Every line from the one containing "Photo 1 of WOMENS" to the end of the records below must be copied exactly, and no pictures may be included.

········

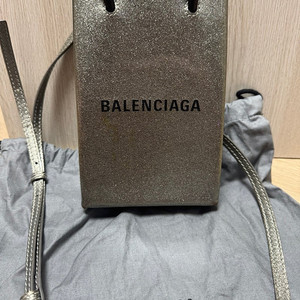 발렌시아가 폰홀더백 정품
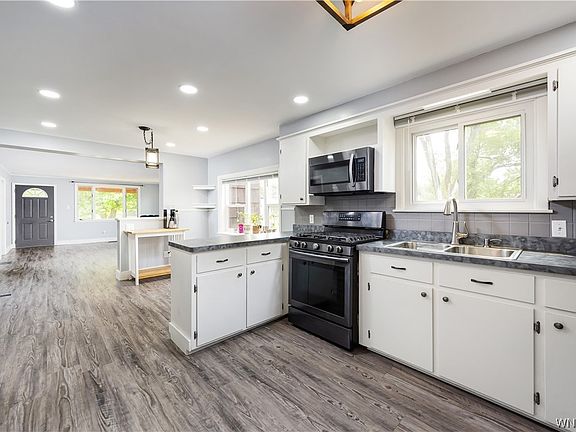5th image of 8978 Sandrock Rd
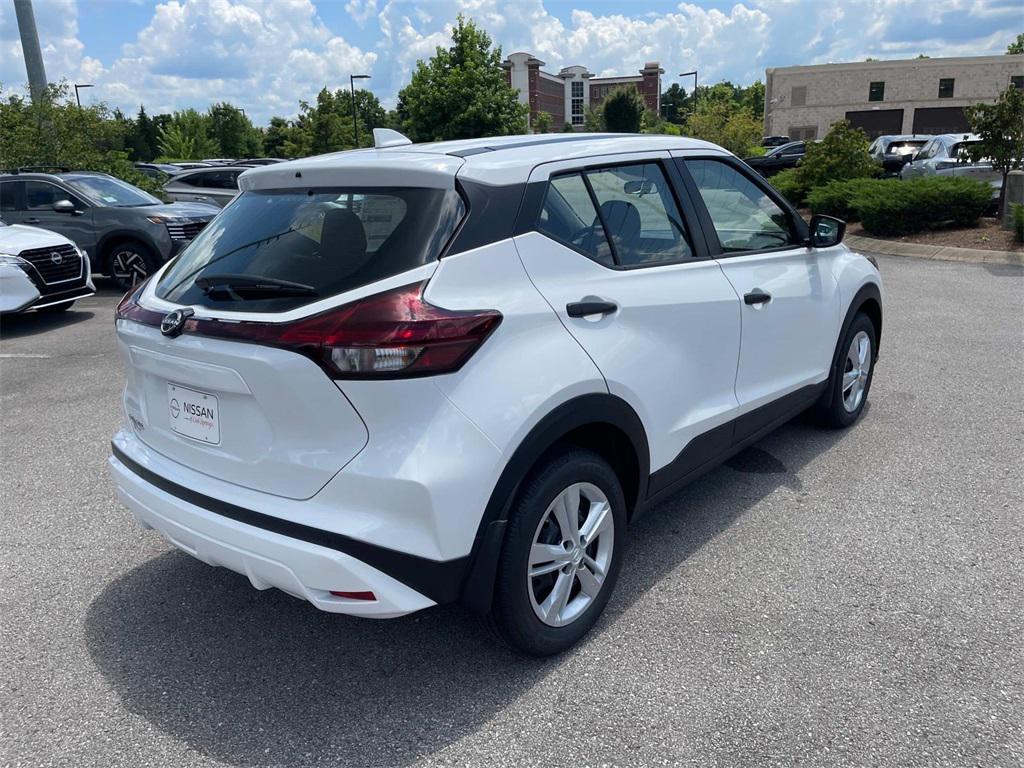 new 2025 Nissan Kicks car, priced at $22,030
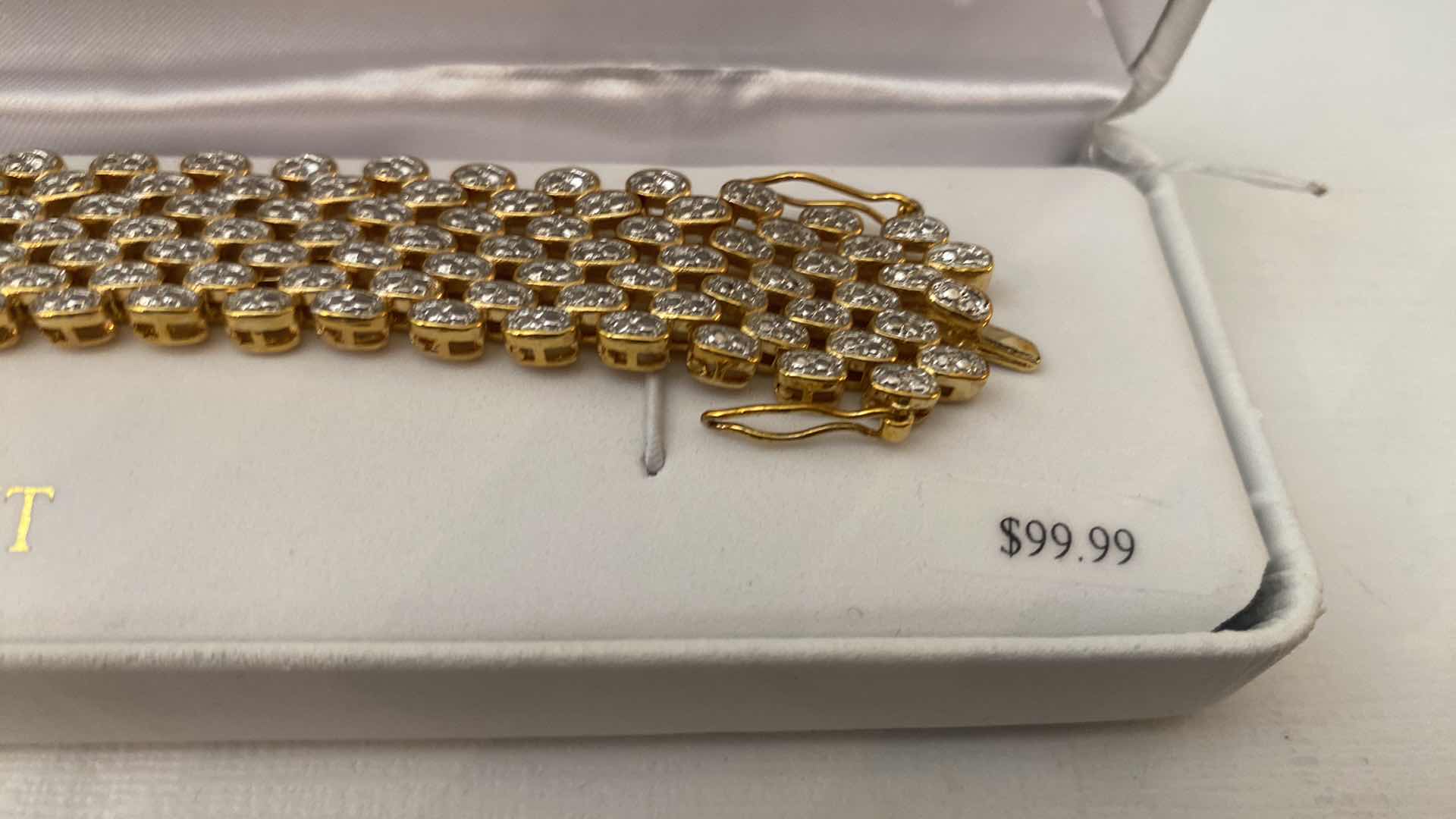 Photo 1 of WOMENS FINE SILVER PLATED GENUINE DIAMOND ACCENT BRACELET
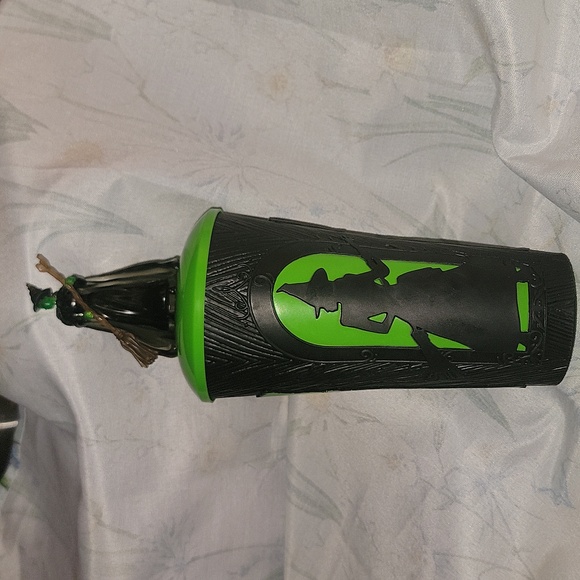 Wicked - Picture 6 of 8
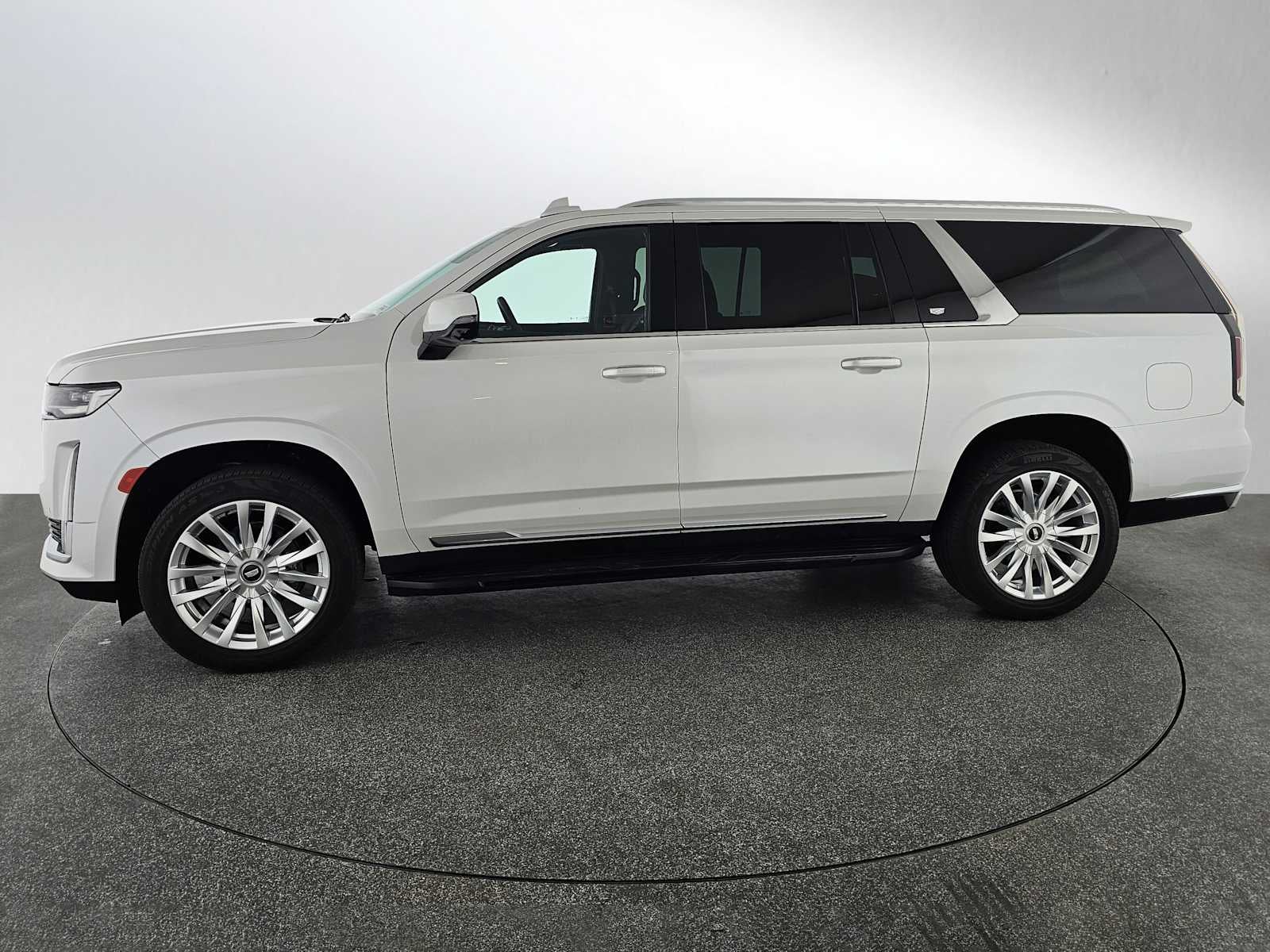 2021 Cadillac Escalade ESV Luxury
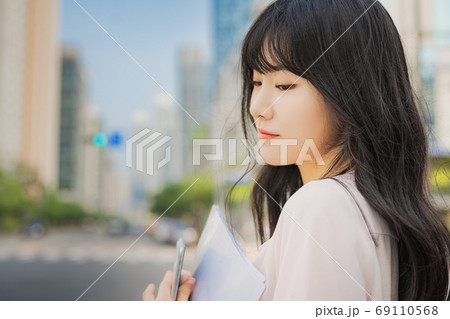 ビジネス ビジネスウーマン 外勤 69110568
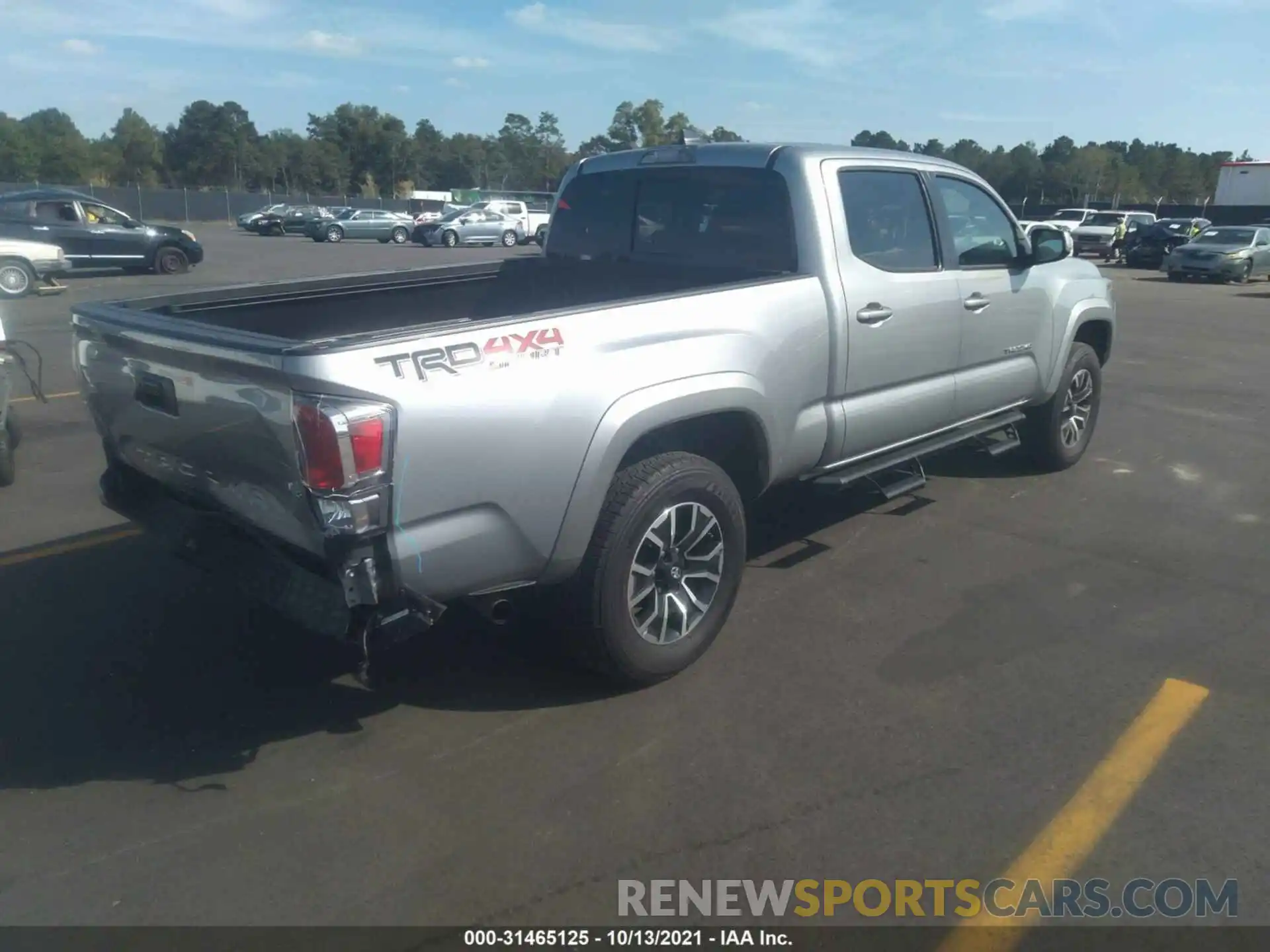 4 Photograph of a damaged car 3TMDZ5BN4LM084192 TOYOTA TACOMA 4WD 2020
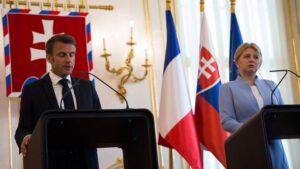 Macron réclame des garanties de sécurité pour l'Ukraine à l'Otan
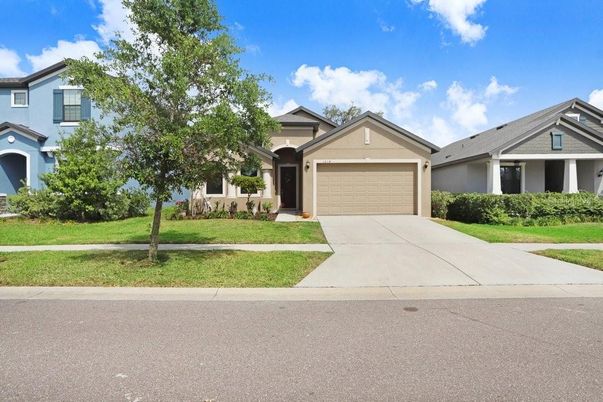Attached, Exterior, Facade, Ranch
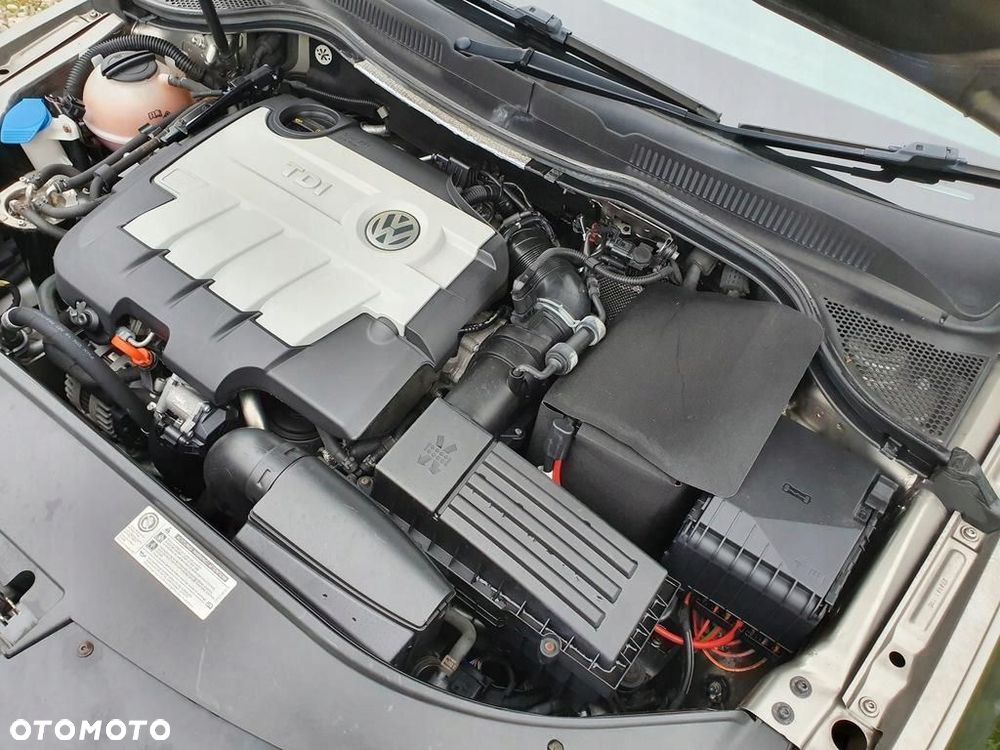 SILNIK SŁUPEK CBB 2.0 TDI SCIROCCO PASSAT B6 TIGUAN A3 8P TT 8J SUPERB II - 1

········

→ Result of this task:
 Photo 1 of WOMENS FINE SILVER PLATED GENUINE DIAMOND ACCENT BRACELET
 Wicked - Picture 6 of 8
 2021 Cadillac Escalade ESV Luxury
 ビジネス ビジネスウーマン 外勤 69110568
 4 Photograph of a damaged car 3TMDZ5BN4LM084192 TOYOTA TACOMA 4WD 2020
 Macron réclame des garanties de sécurité pour l'Ukraine à l'Otan
Attached, Exterior, Facade, Ranch
 SILNIK SŁUPEK CBB 2.0 TDI SCIROCCO PASSAT B6 TIGUAN A3 8P TT 8J SUPERB II - 1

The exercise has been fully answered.